REQUIRED WORK -
Out of the material that follows, write out exactly the lines from the line with "Imagen de la" to the line with "Snapshot of toede_0", both ends included, and no others.

PROVIDED RECORDS -
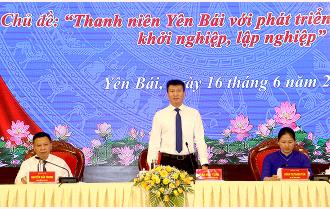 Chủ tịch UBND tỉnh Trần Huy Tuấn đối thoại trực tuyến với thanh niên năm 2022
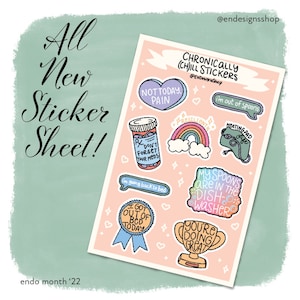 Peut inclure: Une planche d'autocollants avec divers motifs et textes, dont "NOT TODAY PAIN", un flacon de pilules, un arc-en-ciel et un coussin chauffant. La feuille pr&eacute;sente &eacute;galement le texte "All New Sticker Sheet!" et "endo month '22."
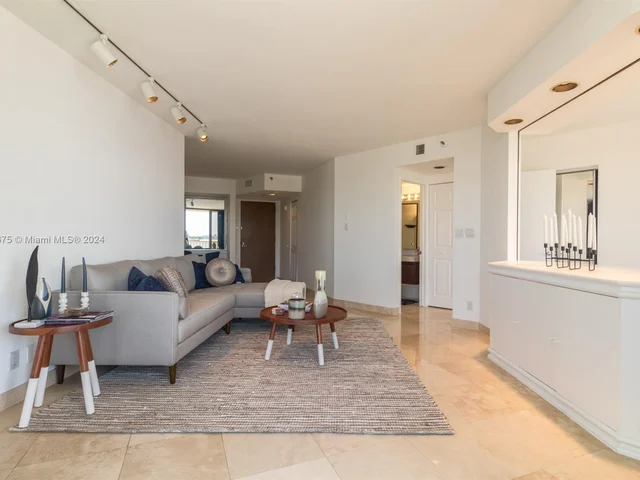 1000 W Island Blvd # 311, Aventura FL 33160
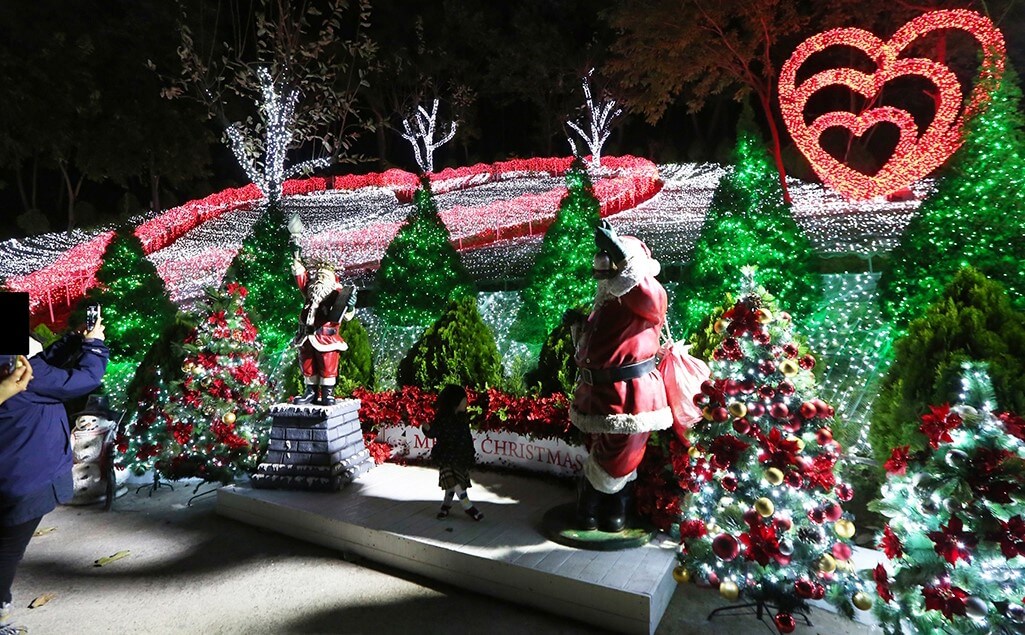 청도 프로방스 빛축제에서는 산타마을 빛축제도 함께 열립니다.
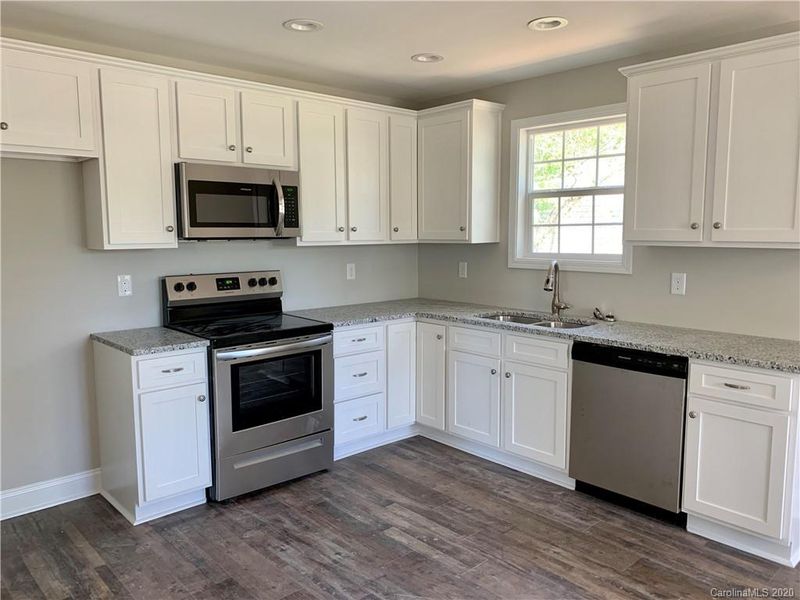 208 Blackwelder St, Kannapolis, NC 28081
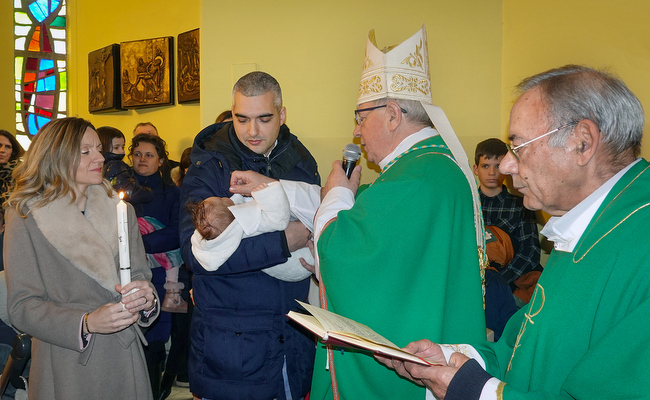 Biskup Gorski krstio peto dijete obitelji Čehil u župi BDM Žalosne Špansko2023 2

==

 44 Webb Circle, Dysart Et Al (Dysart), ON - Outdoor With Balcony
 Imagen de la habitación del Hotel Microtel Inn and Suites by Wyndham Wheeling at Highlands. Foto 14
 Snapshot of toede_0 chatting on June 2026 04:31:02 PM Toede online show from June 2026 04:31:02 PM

* * *

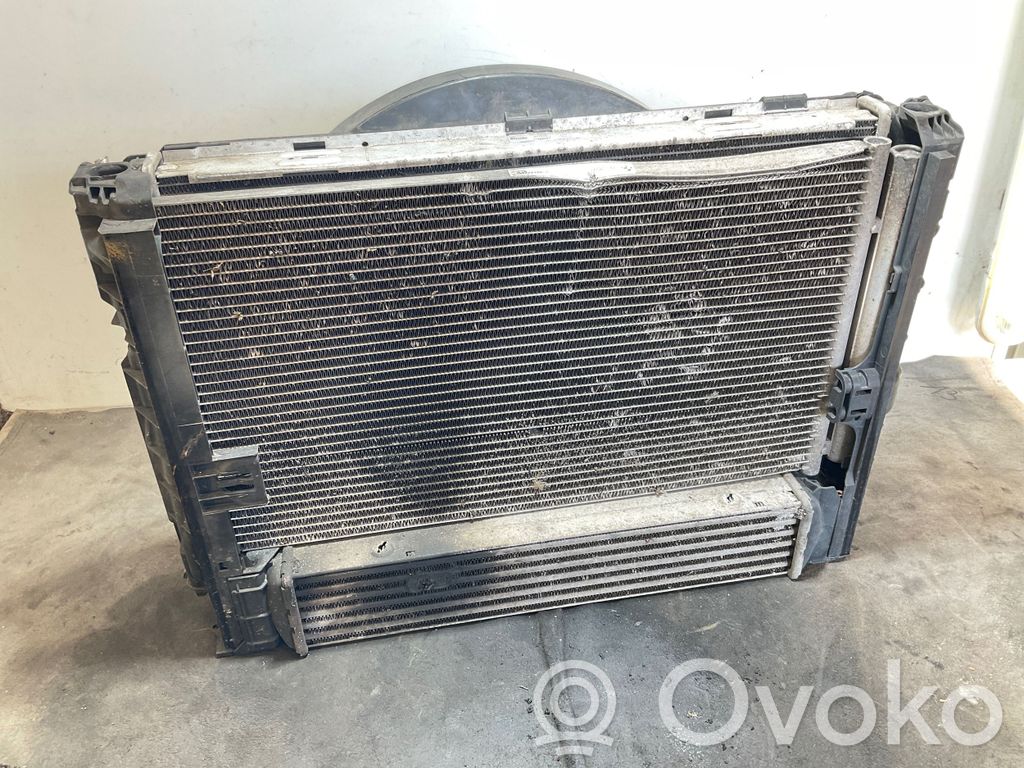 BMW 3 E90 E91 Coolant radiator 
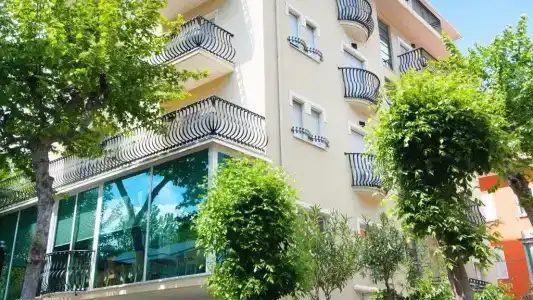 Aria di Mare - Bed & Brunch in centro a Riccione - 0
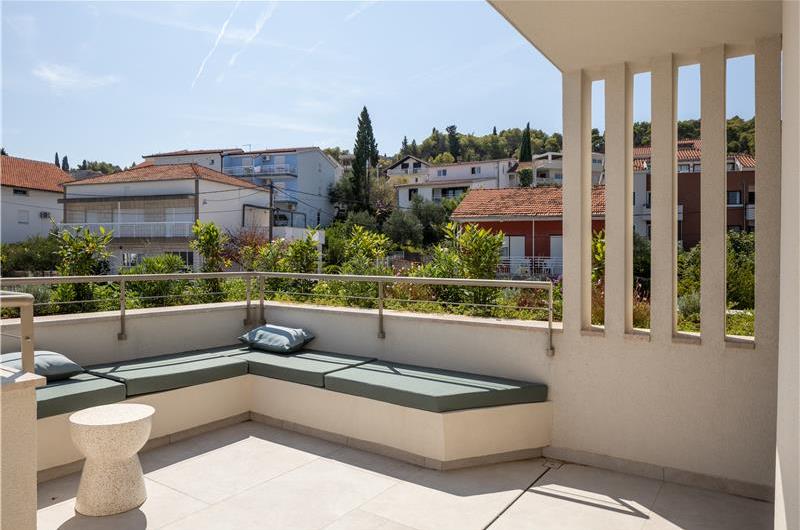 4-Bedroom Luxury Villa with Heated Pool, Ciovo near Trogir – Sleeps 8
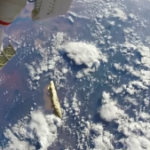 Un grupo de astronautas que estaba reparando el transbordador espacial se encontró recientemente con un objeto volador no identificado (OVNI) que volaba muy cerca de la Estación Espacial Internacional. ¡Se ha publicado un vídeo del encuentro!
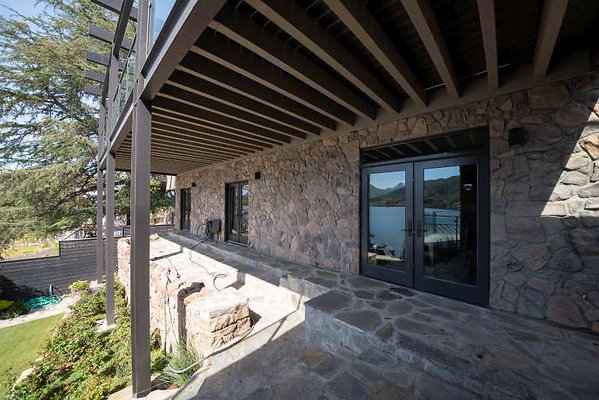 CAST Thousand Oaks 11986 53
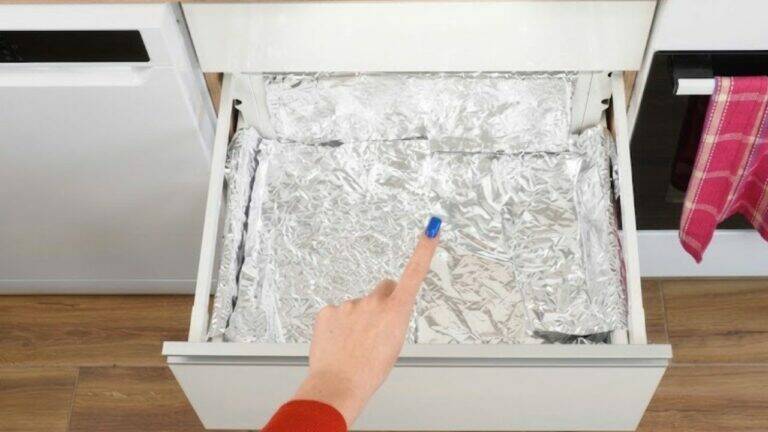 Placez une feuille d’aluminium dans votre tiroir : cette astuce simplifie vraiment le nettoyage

RESULT OF THIS EXERCISE -
 Imagen de la habitación del Hotel Microtel Inn and Suites by Wyndham Wheeling at Highlands. Foto 14
 Snapshot of toede_0 chatting on June 2026 04:31:02 PM Toede online show from June 2026 04:31:02 PM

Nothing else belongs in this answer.